The waiting Paul calls us to do in this passage is not passive waiting. It is waiting with a sense of hope, which stirs us to action to work toward that for which we hope. The word Paul uses for “patience” here can also be translated “with endurance,” meaning that we wait with a sense of tenacity and perseverance. Being driven by this kind of hope kindles in us an ethos of active participation in making our hopes a reality. Actively waiting and living hopefully means constantly listening for and looking for what we have been promised is coming, and then living as if that is a reality. What do we hope for in our lives? What are we doing to help make that a reality?
I love the way Eugene Peterson translate this passage in The Message. It says, “All around us we observe a pregnant creation. The difficult times of pain throughout the world are simply birth pangs. But it’s not only around us; it’s within us. The Spirit of God is arousing us within. We’re also feeling the birth pangs. These sterile and barren bodies of ours are yearning for full deliverance. That is why waiting does not diminish us, any more than waiting diminishes a pregnant mother. We are enlarged in the waiting.”

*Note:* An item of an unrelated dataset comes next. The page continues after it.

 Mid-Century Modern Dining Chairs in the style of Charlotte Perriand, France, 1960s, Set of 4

I love that! “We are enlarged in the waiting.” Now, I would necessarily say that to a pregnant woman – “You’re looking very enlarged today!” – but theologically it’s pretty cool. As we wait for God’s promises to be fulfilled, we ourselves are enlarged by the hope and the joy God has given us, and our own capacity for hope is expanded. And that growing sense of expectancy is what motivates us to help make God’s promises a reality.
I believe that’s part of the message Christ brought to us: we have a role to play in ushering in God’s kingdom here on earth. So many times when the disciples ask Jesus for help he says, “You have the means. You have the power. You do it. Feed my sheep. Go and make disciples of all nations. You do it.” We are called to intercede by helping bring signs and foretastes of God’s eventual healing of creation. We are called to give people glimpses of God.

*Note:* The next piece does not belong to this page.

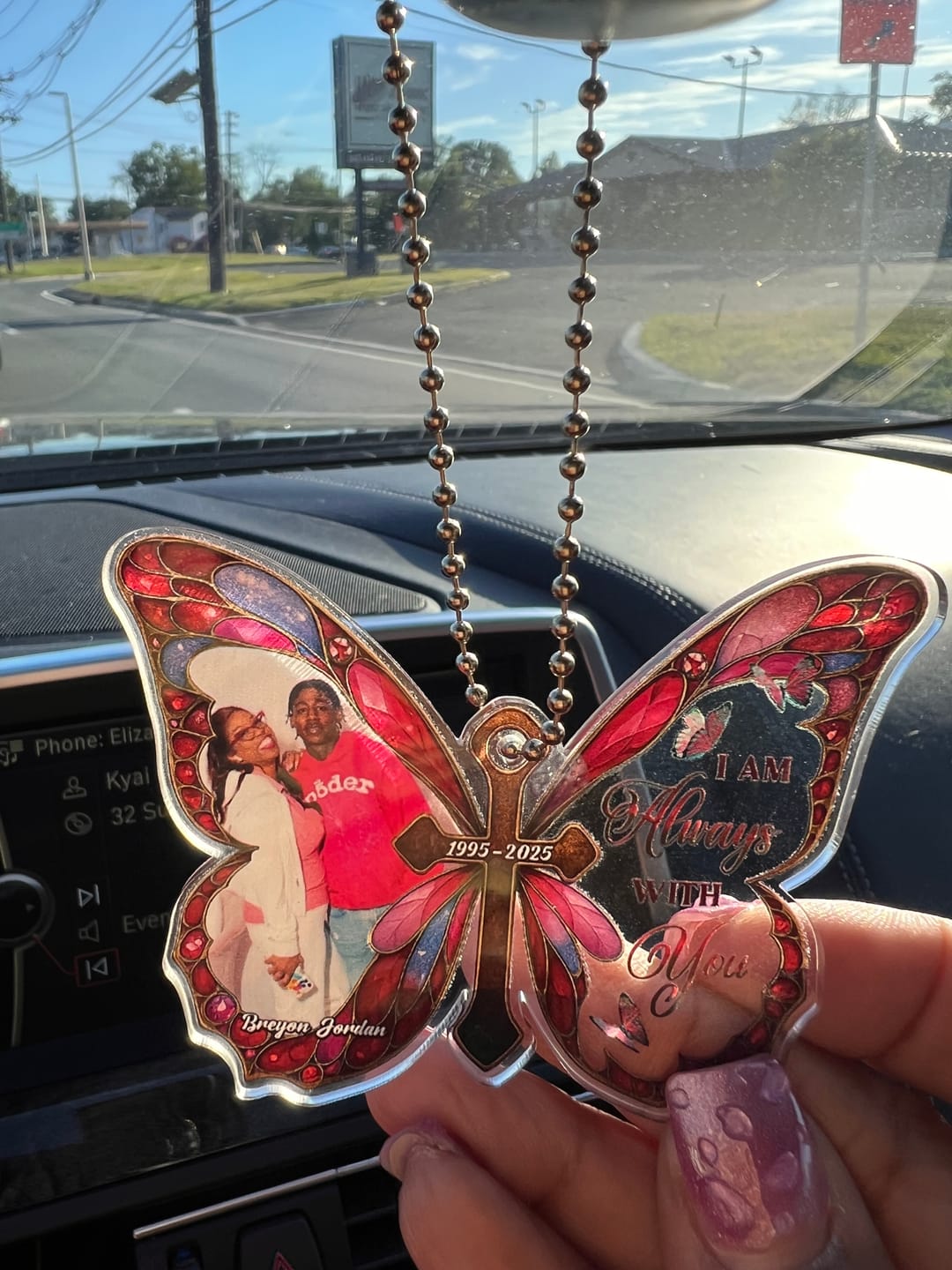 Customer photo review of Always With You - Personalized Car Plastic Hanging Ornament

So, Paul says to us, we wait because we hope in God’s promises, and while we wait, we live as if those promises are true. If God has promised we are stewards of this earth, we live like we are stewards. If God has promised that we are forgiven, we live as if we are forgiven. If God has promised to redeem creation, we live as if God will do that, treating this earth and each other with the reverence deserved of God’s creations. We live with hope.
The truth of this scripture and all scripture is that the human situation is not hopeless, despite how it sometimes feels. The crises in our lives, both personal and global, are not hopeless. Life is not a despairing wait for an inevitable end. Life is the eager anticipation of the realization of God’s promises, a groaning toward the future. A life lived hopefully means straining to see the start of the parade. It is the perseverance through the struggle of childbirth in order to experience new life. Life is not simply hoping for something; it is hoping in Someone, the One who promised us redemption and called us to work for the redemption of all of God’s creation. “Behold, I will create new heavens and a new earth.” Do you hear it? Can you see it? I’ve seen glimpses. A kind word. An answered prayer. An outstretched hand. A reconciliation. A hope realized. Do you hear it? Can you see it? Let’s live it.